We continue our look at twenty great Big Finish releases in celebration of Big Finish’s Twentieth Anniversary. This week we’ll cover numbers 15-11. See Part One for numbers 20-16.
15) Dan Dare, Volume 2
Being an American, I never grew up with Colonel Dan Dare of Space Fleet as portrayed in Britain’s Eagle Comics, but Big Finish’s two Dan Dare releases in association with B7 helped me fall in love with this iconic British character. He begins as a bit of a cynic but quickly shows his stuff as a tough, principled, courageous, and tenacious hero as he battles his arch-enemy The Mekon as well as a few other baddies. This is imaginative, swashbuckling space fun with great moments. At the same time, Dare has to deal with corruption and political skullduggery that often undermines his mission. For me, this volume stands out because of the final story as Dare’s mental battle with The Mekon.
14) Doctor Who Unbound: Masters of War:
For the fortieth anniversary of Doctor Who, The Doctor Who Unbound range took a look at and altered several key concepts and events of the Doctor Who Universe. In “Sympathy for the Devil,” Emmy award-winning actor David Warner was introduced as an alternate version of the Third Doctor (played on television by Jon Pertwee) who arrived on the earth in 1996 rather than in the 1970s as happened on TV.
This release was a sequel released five years later as this alternative universe Doctor is now traveling with his new companion, retired Brigadier Alastir Lethbridge-Stewart (Nicholas Courtney) as they land on Skaro, the homeworld of the Daleks, the Doctor’s most iconic enemies where they are lording over the Thals. The Doctor being the Doctor, he is here to liberate the Thals from the Daleks. In our Universe, the Daleks are out to “exterminate,” to “conquer and destroy.” But in this Unbound Universe, the Daleks want peace.
This raises a lot of questions. How did this other Universe’s Daleks develop differently? What did their creator Davros do differently? How will they interact with the Daleks? This story offers a different spin on one of the best Doctor Who stories of all time, Genesis of the Daleks, and it holds up. It’s a massive audio story at two and a half hours long, but in my opinion, well worth it as we get great acting from Warner, Courtney, and Terry Malloy (Davros), and a solid script. This is the type of story that’s best enjoyed by fans who’ve seen the original stories that these are based on, but it could also be enjoyed as a sci-fi epic in its own right.
Warner would reprise his role as the Unbound Doctor in two box sets in 2016 and 2017 alongside Big Finish’s first dramatic hero Bernice Summerfield and those are both good solid collections, though not quite as epic as this.
13) Death and the Queen
The chronically single Donna Noble (Catherine Tate) is swept off her feet by the prince of a distant land which the Doctor (David Tennant) had never heard of.
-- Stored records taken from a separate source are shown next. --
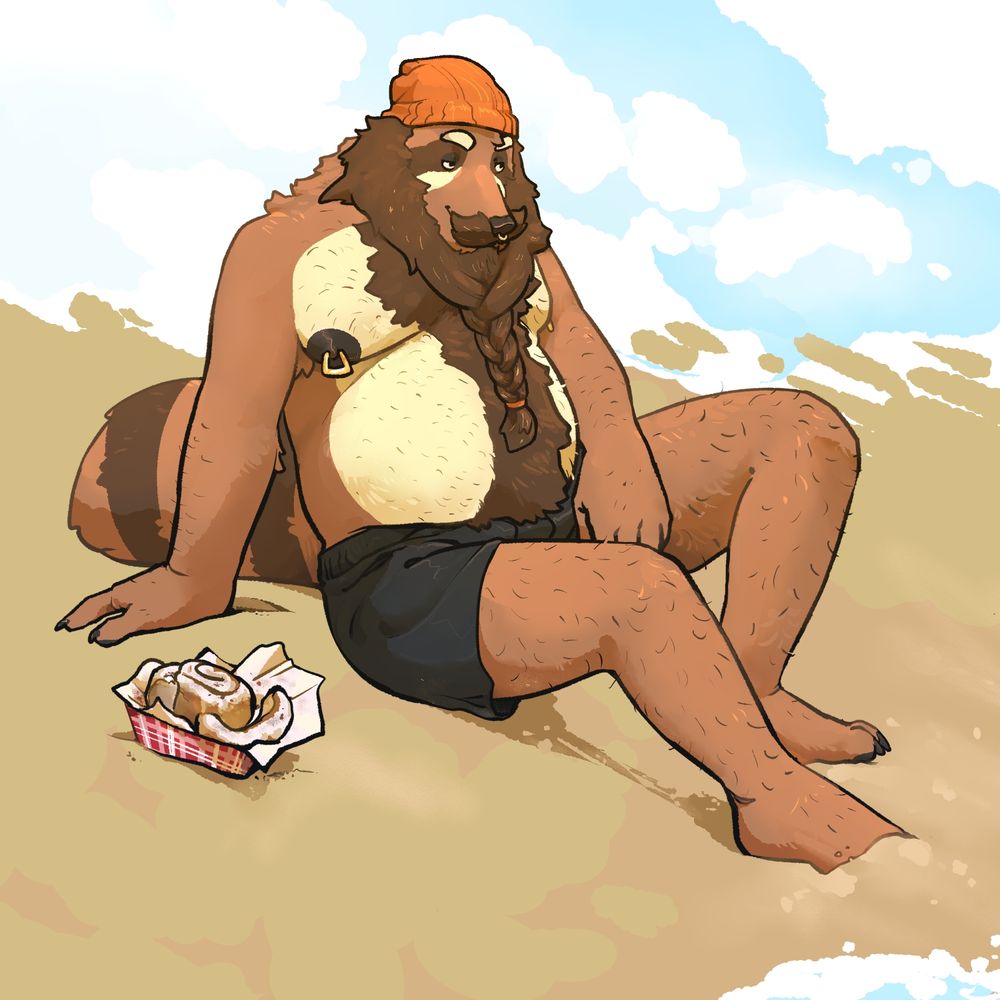 A drawing of a tanuki furry. He's thick bodied and hairy, with a long, braided beard and manicured mustache. He reclines on a sandy beach, expression calm and maybe a touch sensual. The furry is dressed in a set of black swim trunks and an orange toque, and a stout cinnamon roll rests half-eaten on the sand next to him.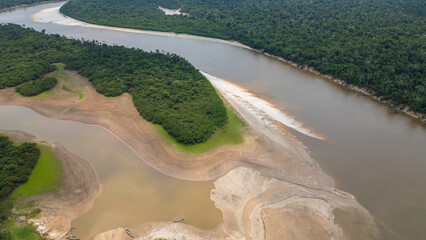 NANAY RIVER IN THE PERUVIAN AMAZON DURING THE DRY SEASON OF THE RIVERS, AMAZONIAN BEACHES IN THE JUNGLE AND DROUGHT OF THE RIVERS, CONSEQUENCE OF THE DROUGHT OF THE RIVERS IN THE AMAZON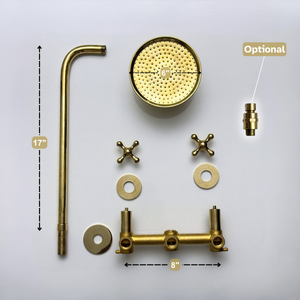 Unlacquered Brass Adjustable Round Rain Shower System — Straight arm (UBCSS-005) — detail view 13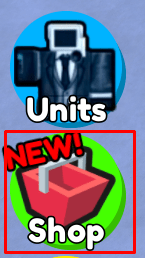 The shop button in Oldest T Tower Defense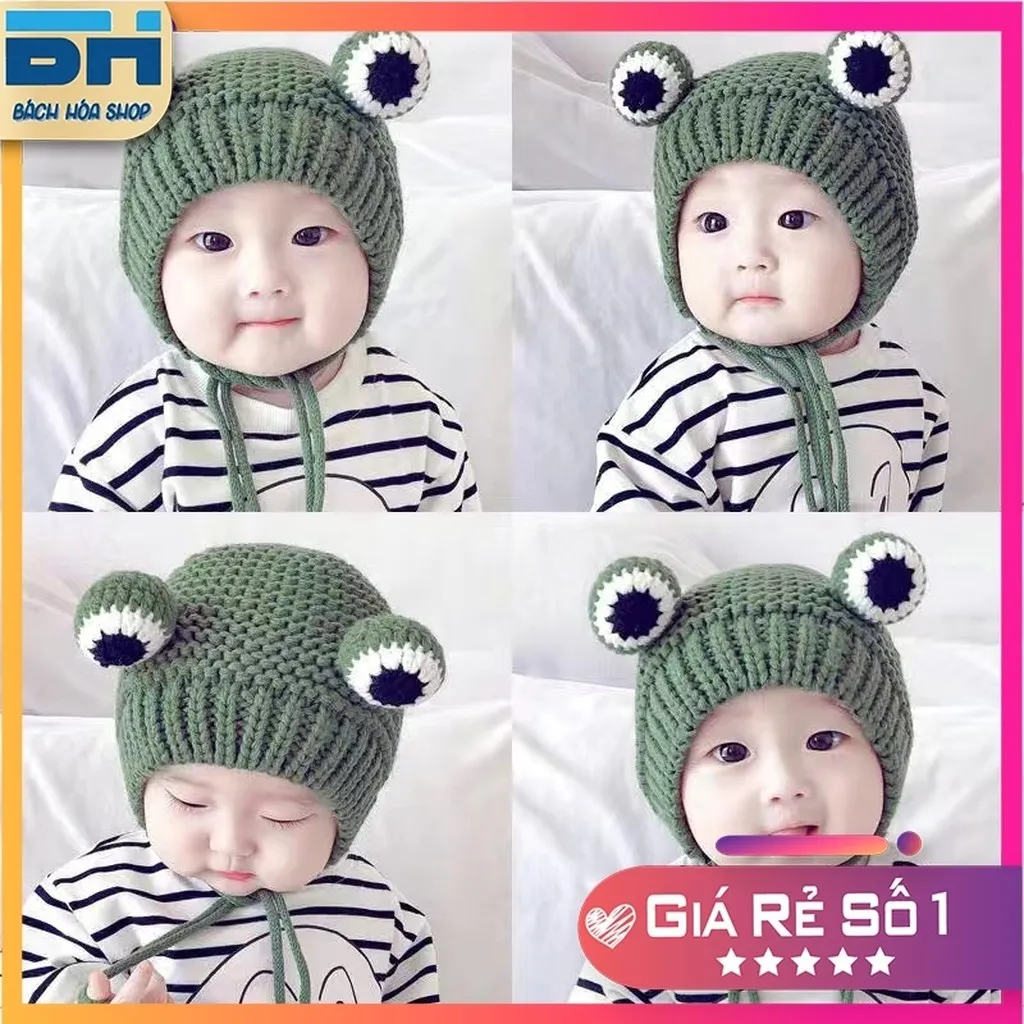Mũ Len Dệt Kim Hình Ếch Con Xinh Xắn (dành Cho Bé Từ 6 - 36 Tháng Tuổi) - Bách Hóa Shop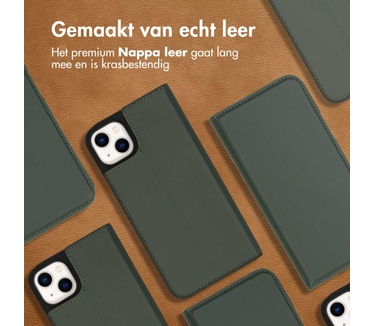 Accezz Premium Leather Slim Bookcase iPhone 14 Plus - Groen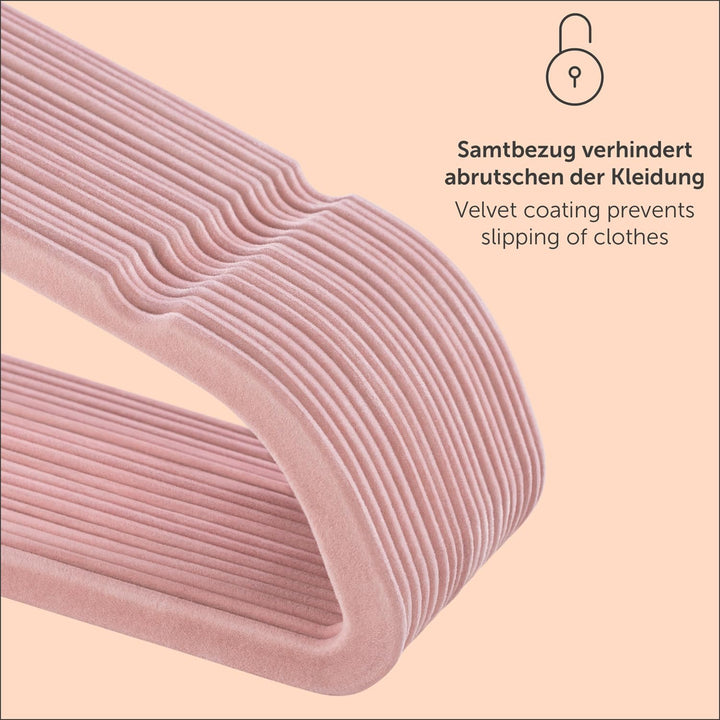 Blumtal Kleiderbügel 30 Stück - Samtbezug, 360° drehbar und belastbar - Platzsparend und rutschfest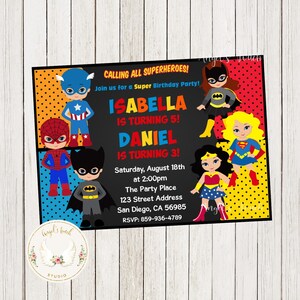 Superhero Girl and Boy Birthday Invitation, Superhero Birthday Invitation, Superheroes Kids Party Invitation, Printable Digital File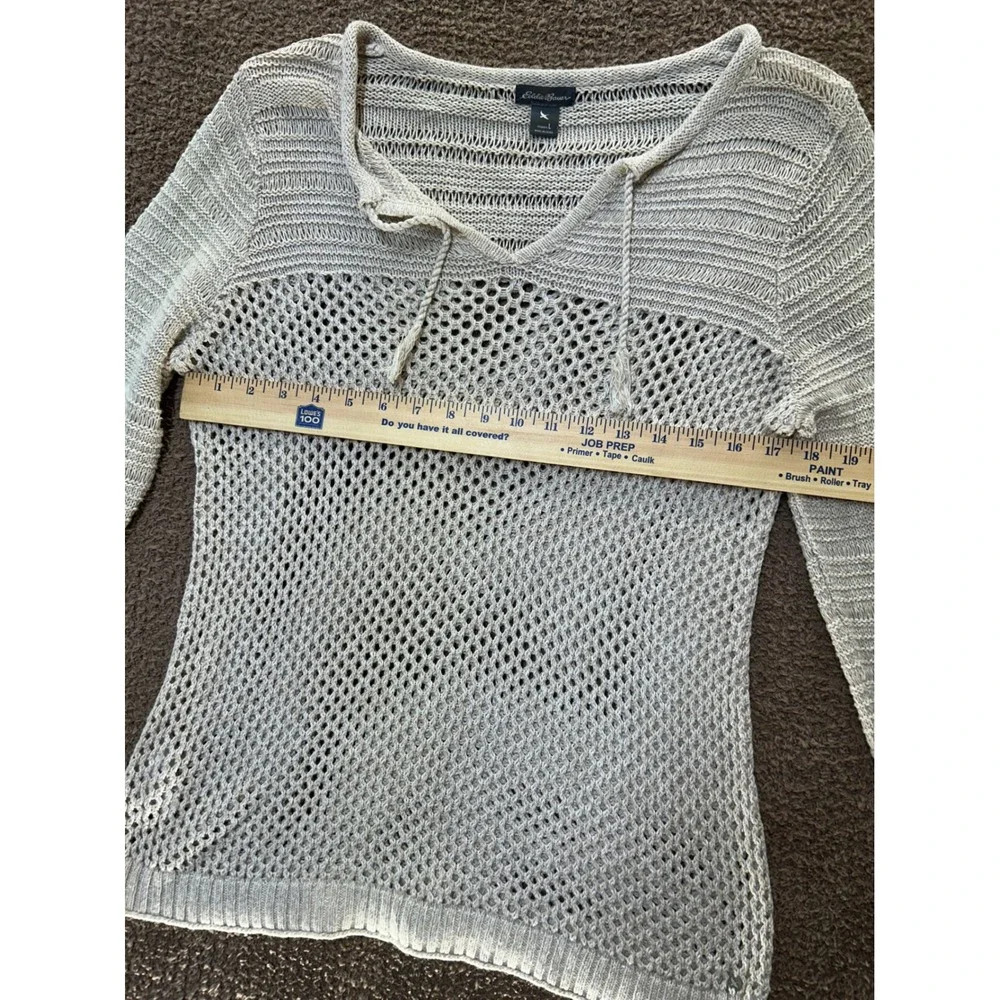 Eddie Bauer Womens Beige Linen Cotton Open Knit Mesh V-Neck Tassel Sweater Large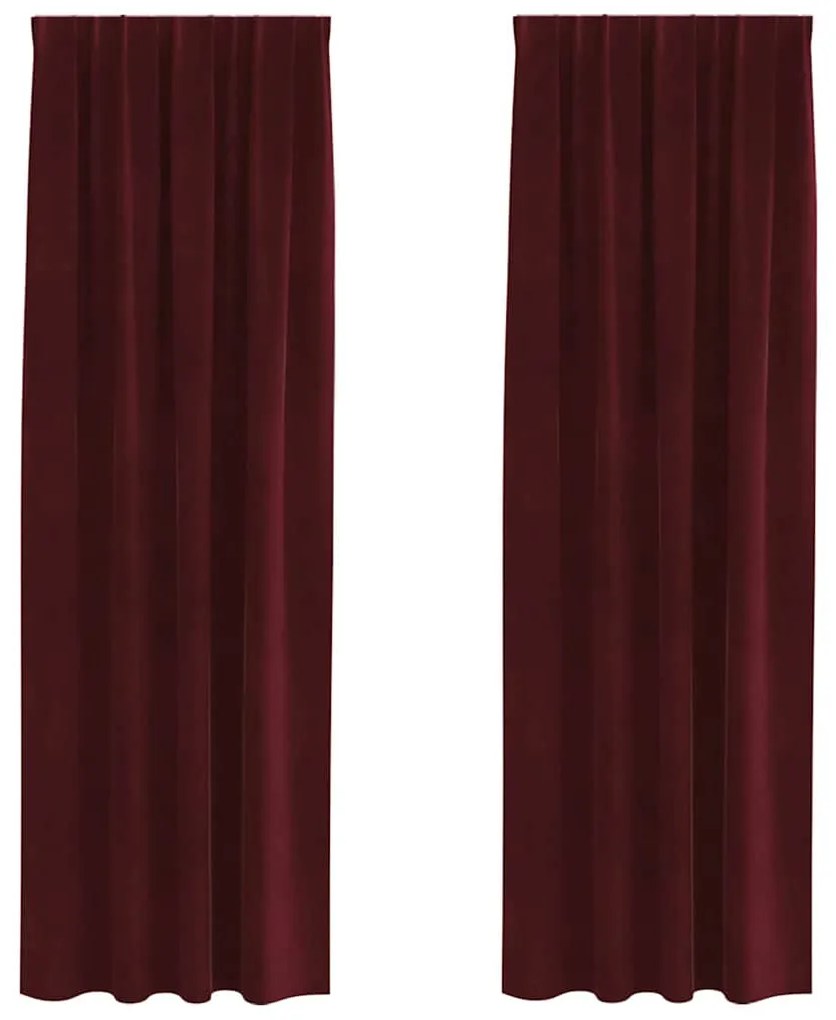 Cortinas Opacas vidaXL com fita superior 2 pcs Bordô Veludo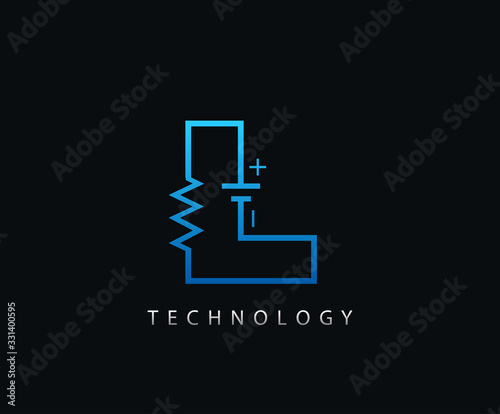 Electric L Letter Icon Design With Electrical Engineering Component Symbol.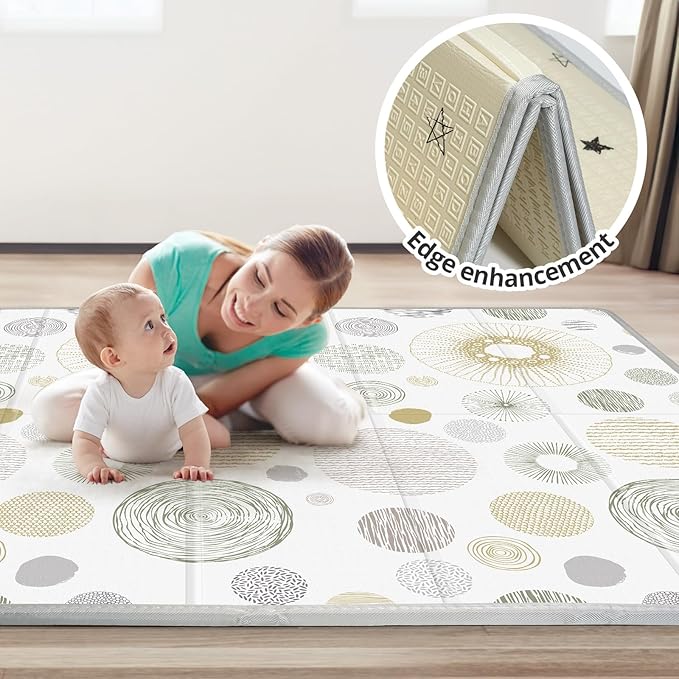 Foldable Baby Play Mat, PIGLOG 50x50 Playpen Mat, Safe Foam Playmat for Tummy Time, Waterproof Playmats for Babies and Toddlers Kids, Reversible Portable Floor Mat for Infant, Circles + Stripes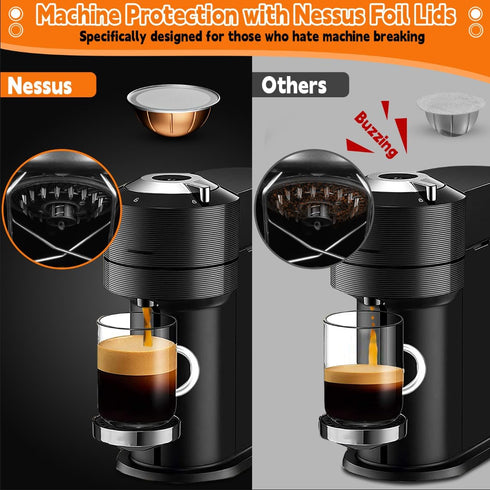 Aluminum Foil Lids for Nespresso Vertuo Reusable Pods, 100 PCS Foil Seal Cover for Refill Espresso Coffee Capsule,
The prince asks Donna to marry him, but of course, Donna learns there’s a catch.
The story has some great comedic moments and is a bit of a fractured fairy tale with a science fiction twist. Tennant and Tate are one of most beloved pairings of Doctor and Companion in the revived series and this story is a great example of how charming these characters are together and how well the actors play off each other. The script moves at a fast pace while providing good dramatic scenes and a great resolution. This makes a great audio drama and would have worked very well on television.
12) 1963: Fanfare for the Common Men
The Fifth Doctor and his companion Nyssa (Sarah Sutton) arrive in 1963 with the Doctor determined to show Nyssa the Beatles. The Doctor is in for a surprise as he discovers the Beatles have been replaced in time by another band known as the Common Men.
The story’s premise, the mystery, and its solution are perfect. The gorgeous Abbey Road-theme cover art is a delight. The music is well-done and really creates a 1960s feels for the world of the story’s wannabe Beatles.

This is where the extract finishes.